Exercice étonnant qui consiste à mêler deux portraits à des niveaux disparates, d'une part celui d'une petite fille en proie à des questionnements existentiels extrêmes (comme peuvent l'être des enfants de huit ans à l'imagination un peu trop débordante) et d'autre part celui d'un pays, le Pérou, allié à une époque, les années 80, qui ont vu émerger des conflits armés violents provoquant des dizaines de milliers de morts sur deux décennies.
La toile de fond se révèle progressivement, surtout pour quiconque ne maîtriserait pas l'histoire péruvienne récente ou ne saurait pas dans quelle mesure le Sendero Luminoso pris la tête de l'insurrection armée (une idéologie affiliée au marxisme-léninisme-maoïsme) issue d'une dissidence du parti communiste. Mais le premier plan n'est pas celui-là, c'est plutôt un récit d'apprentissage précoce chez la jeune Cayetana, terrorisée par plusieurs événements familiaux comme le divorce de ses parents et l'arrivée d'un petit demi-frère. Rosario Garcia-Montero se place à la hauteur de cette protagoniste et nous fait part de ses pensées secrètes, qui tournent autour de paris constants qu'elle se fait à elle-même, calqué sur le principe "si j'arrive en haut de la coline, mon amie ne mourra pas de sa maladie" — avec le corollaire teinté d'innocence noire enfantine : "si je n'y arrive pas, bye bye mamie". Sa hantise la plus vigoureuse qui s'enracine dernièrement : elle est convaincue qu'elle mourra le jour où son frère naîtra.

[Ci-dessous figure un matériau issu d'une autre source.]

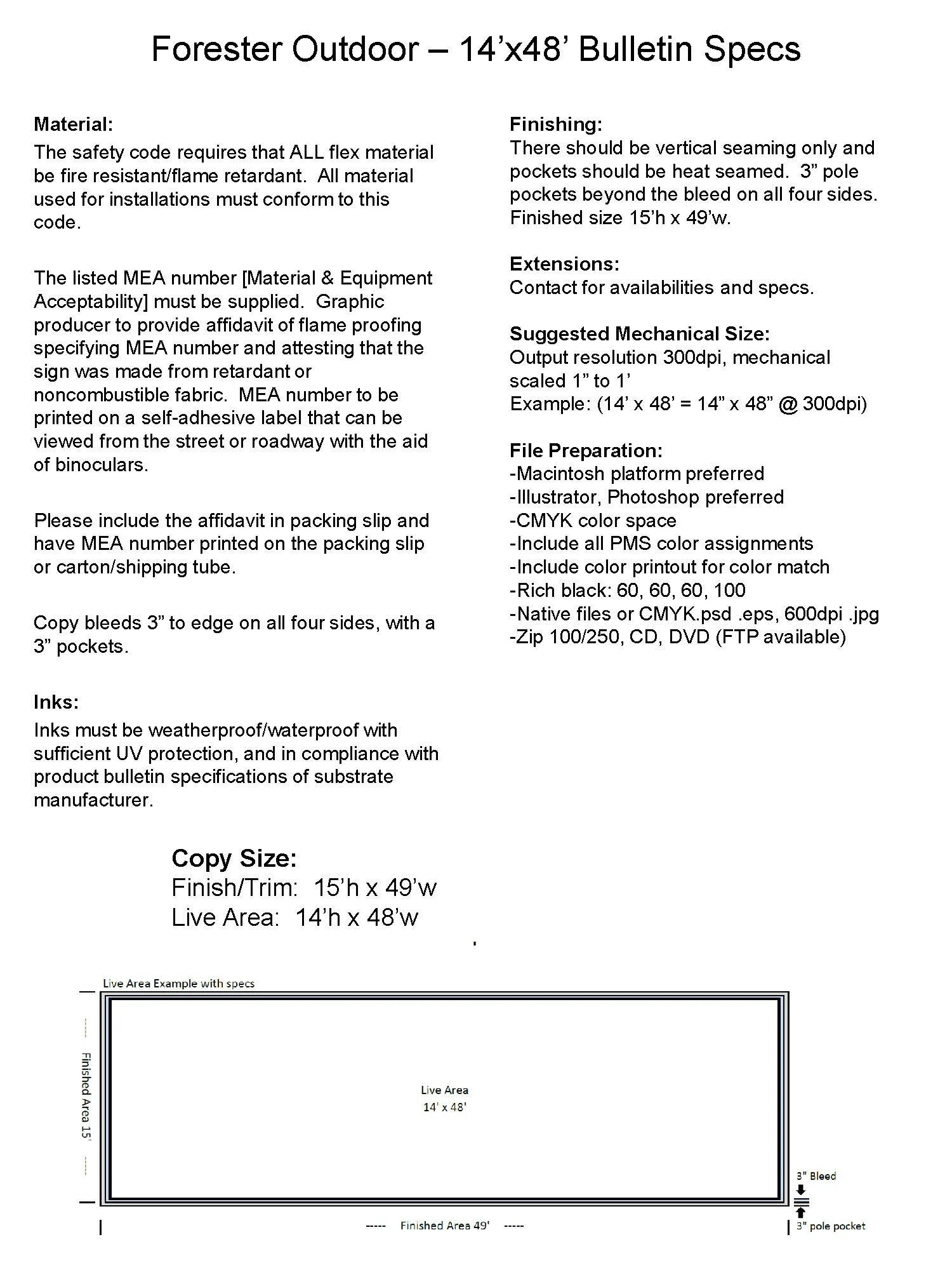 Technical specifications for a Forester outdoor bulletin display, including material, finishing, extensions, suggested size, file preparation, and ink requirements. The layout features a title, detailed text, and diagrams for assembly.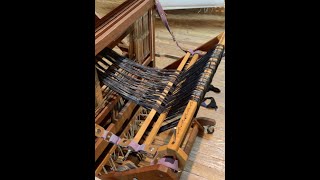 Warping a loom Back to front on Baby wolf loom using warping helpers [upl. by Johnna]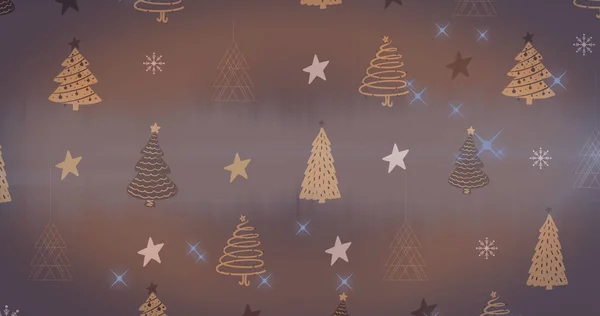 Bild Von Sternen Und Christbaummuster Auf Dunklem Hintergrund Weihnachten Tradition — Stockfoto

"Las malas intenciones" joue principalement là-dessus, sur ce registre de confrontation entre son imaginaire bouillonnant, foutraque, excessif, puéril et donc sans barrière morale, et la réalité des choses, le monde des adultes, ses contraintes, etc. En marge de ces aspects, le film est assez lourdement parsemé de symboles renvoyant aux multiples luttes de classes qui structurent la société, et qui sont matérialisés au travers de la situation (très favorisée) de la famille de Cayetana : il y a toujours une femme de ménage ou un chauffeur non loin, et c'est dans la voiture de ce dernier que les antagonismes sont le plus souvent suggérés. Elle pense faire une bonne action en donnant une pilule coupe-faim à un sans-abri, elle refuse d'avouer que c'est elle qui a volé de l'argent dans le portefeuille de sa mère et ne bronche pas quand la femme de ménage est renvoyée... À l'image de ces rapports bancals à la réalité, le film abonde (entre autres choses moins intéressantes) en direction de ces tempêtes internes.